We finally retired my trusty old plastic Hi-C jug that I've been using for several years. The handle stuck on the top of this jug in the first photo is actually one I made out of need for that jug in 2013 or so.

Tarp pitches for car camping

After a quick stop in Pennsylvania to visit Angie's friends we went out to Seneca rocks for some climbing... or well, mostly for camping in the rain. We used the experience to learn a bit more about comfortably car camping in the rain - something I've done with my parents, but not spent much time developing a system for myself (since when I did a lot of car camping, and had a car, I lived in CA, where it doesn't rain)

Here's some articles from the past on tarp pitches for backpacking, something I have lots of experience with:

Here's what we've found to work best so far:

We tied the center to the back of  roof basket, then the other end of the ridgeline is tied to a tree using a length of line.

Next we take angie and my hiking poles, extend them to full length, and place these at each corner (This was actually Angie's idea, and it's great, it saves a lot of hunting for sticks). My old tarp (this is the one I used on the AT), has loops tied on each corner already, so these simply go over the ends of the poles, then a line is tied from there out to the ground at a 135 degrees from either edge of the tarp (pulling away from the center of the tarp). This tar is siloconized... or maybe I should say "was" siliconized, and could use another treatment, but it still worked fine, except where the back window touched it causing it to drip a little.


Note that with what is shown in this picture the tarp will fill with water and collapse (which it nearly did actually). To complete the pitch tie the middle of the two edges to the ground with line, pulling down and out from the center of the tarp (just like the ones on the poles, but without poles). This creates "drains" where the water can escape the edge of the tarp.

I'm going to call this the "house" pitch. In essence it is nothing but my favorite backpacking pitch (the pup-tent pitch as I usually call it), but up on poles.


Because of the placement directly over the back of the truck, if we get it tight enough and square enough to the truck we can leave the rear window and tailgate open and get only the most minor of dripping. This is great, because it means accessing our stuff and getting in and out doesn't get everything wet!

This was the second tarp pitch we tried. The first was down the length of one side of the truck, tying to the rack at one end and to a stick or just over the cab on the other, then using the poles for the other 2 corners. That pitch worked fine, but didn't cover the back entrance. At one point someone (probably me) left the back open for a bit in a light rain and the open cell foam mattress we were using got soaked... That mattress got trashed as a result. I'd always heard open cell foam was a bad idea, now I've seen it in action.
I'm going to call this pitch the "awning" pitch.It's fundamentally a lean-to pitch on poles.

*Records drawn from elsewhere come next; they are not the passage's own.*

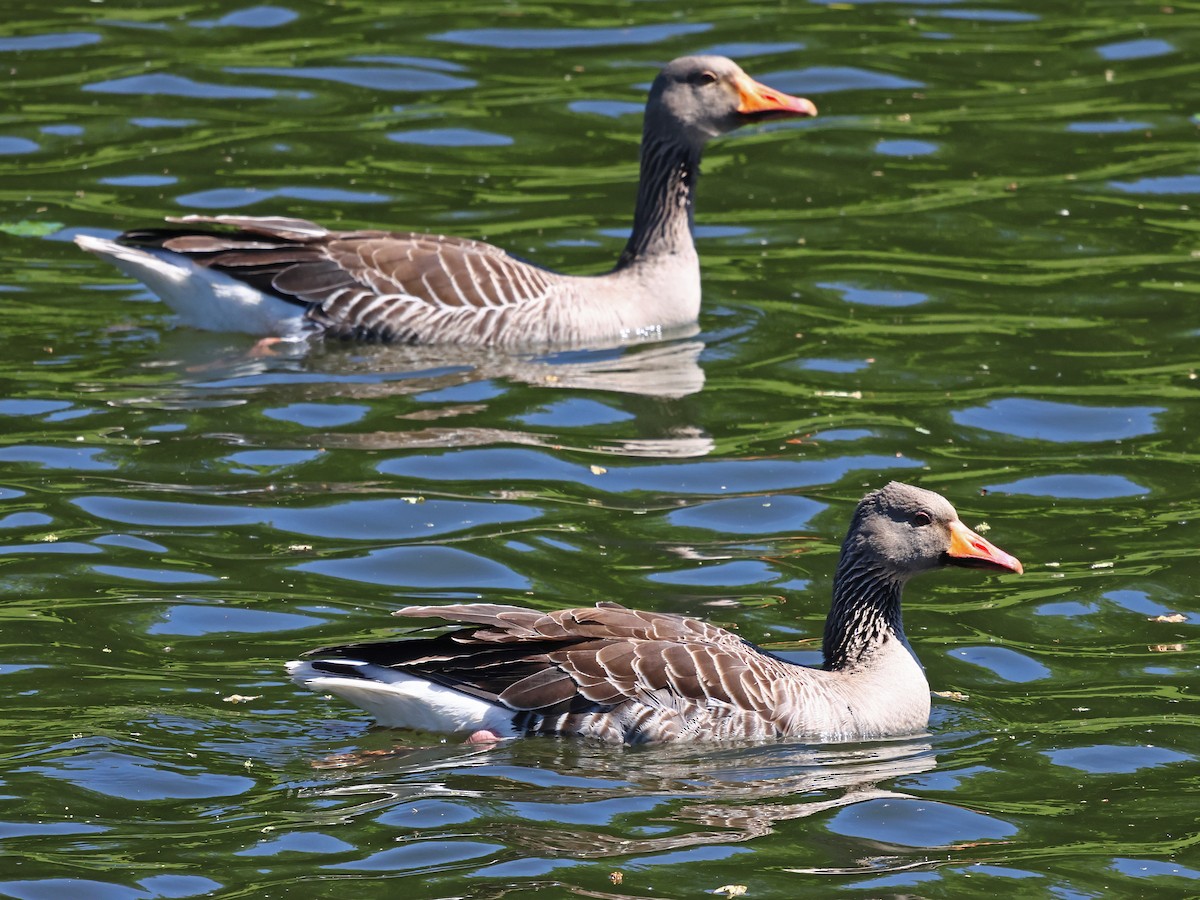 Серый гусь - ML646940584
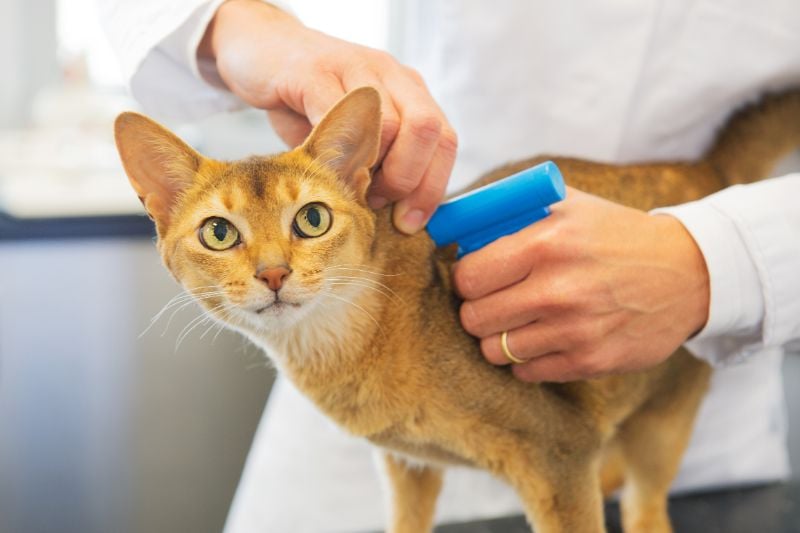 Planning For Pets During A Disaster (Updated 2026) Microchip implant cat Disaster plan for pets SS 1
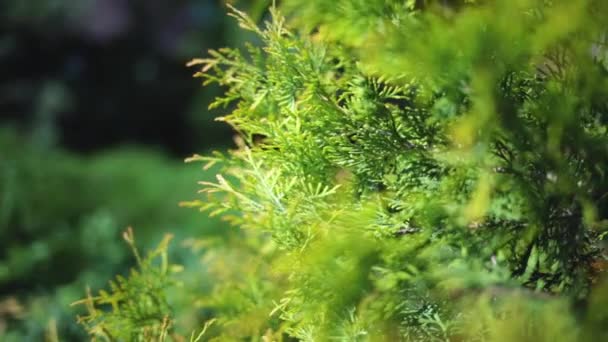 Thuja Evergreen Coniferous Plant Close Selective Focus High Quality Fullhd — Video Stock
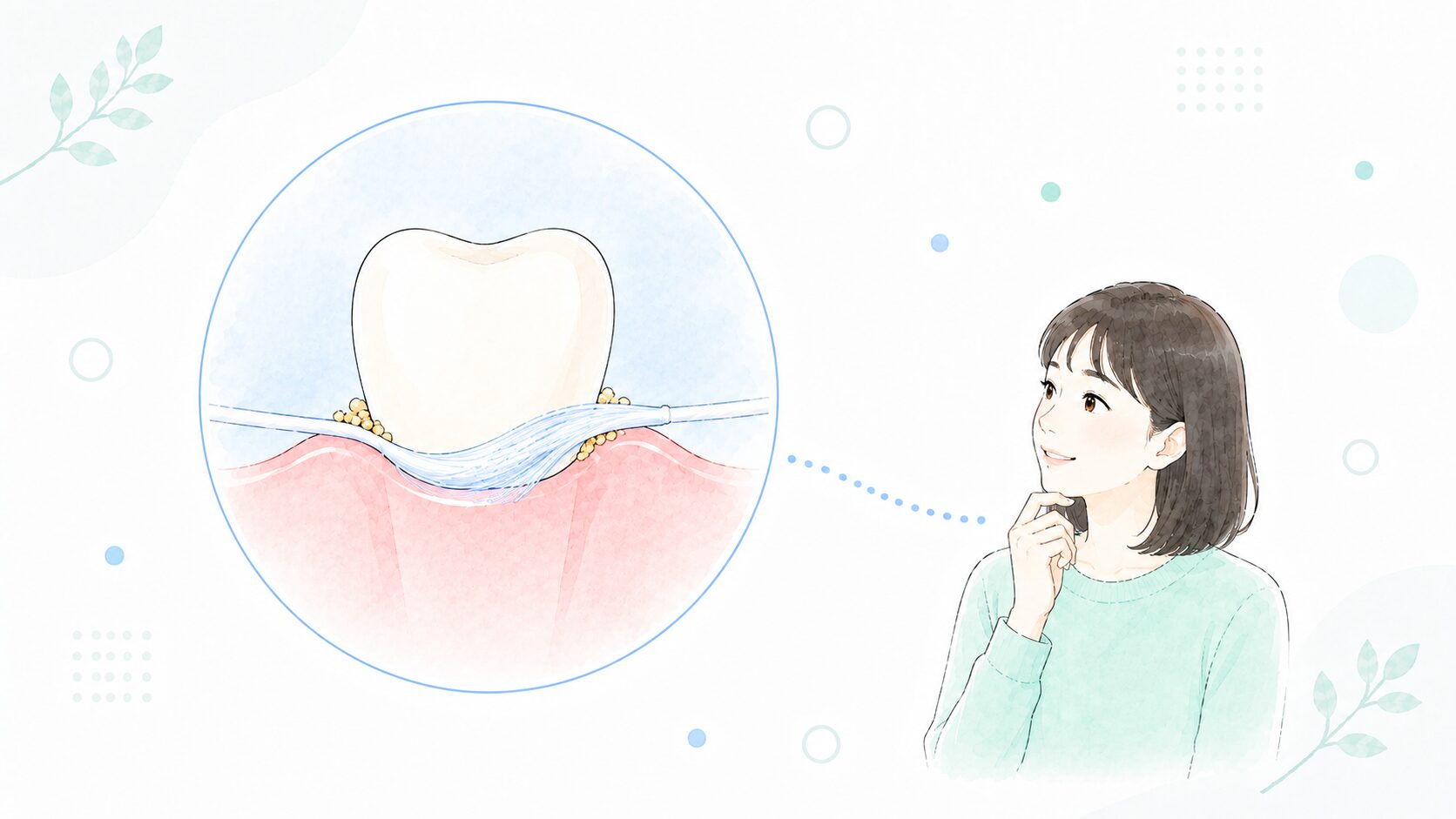 歯ぐきのきわに沿うフロアフロスの糸の図解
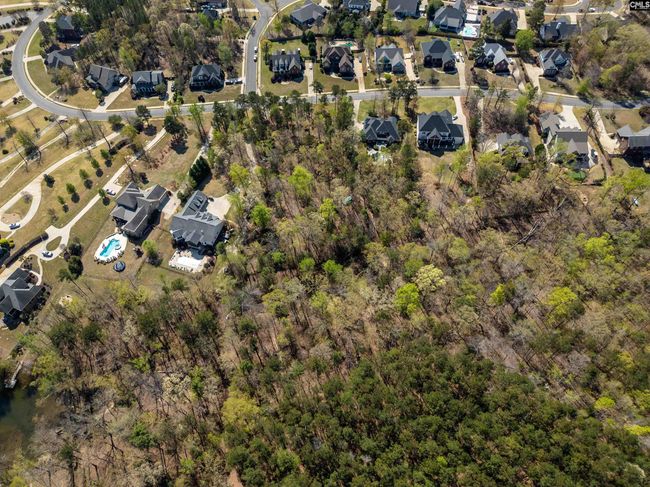 153 Pintail Lake Dr, Home with 0 bedrooms, 0 bathrooms and null parking in Gilbert SC | Image 8
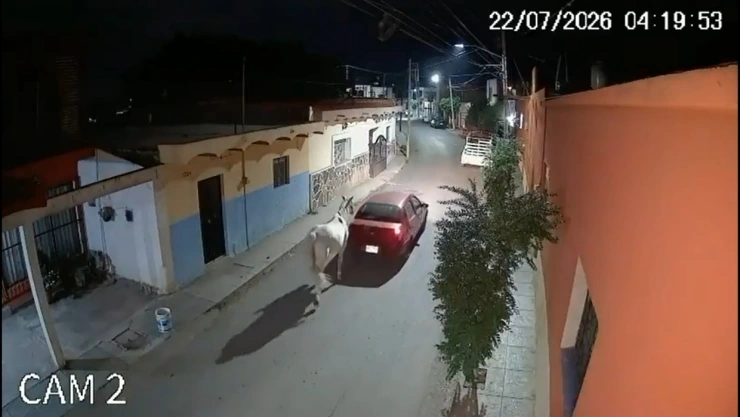 robo caballo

The other problem is just that due to the dimensionality of the tarp the space was kind of hard to use. I think because the tarp ends up folded along the long instead of the short axis, the resulting space is more long and skinny. It's also lower overall. In the house pitch the center of the tarp is the highest point, so the part of the tarp that stays dry also lets you stand up. In the "awning" pitch the highest part is up against the truck, where you get drips down the truck all the time, and where you can't stand ('cause there's a truck there).

Using the house pitch made our time in the rain a LOT more comfortable. We were able to use the wooden box you see in the center as a chair or table. We could prepare food for cooking, and eat it, without being rained on. We were still cooking on the fire in the background, but it's just a short run out in the rain to fiddle with it. My tarp is an 8x10, and I did find myself wishing for a 10x12 (we have one, but it's on the trailer right now), so I'm curious to give that a try in the future.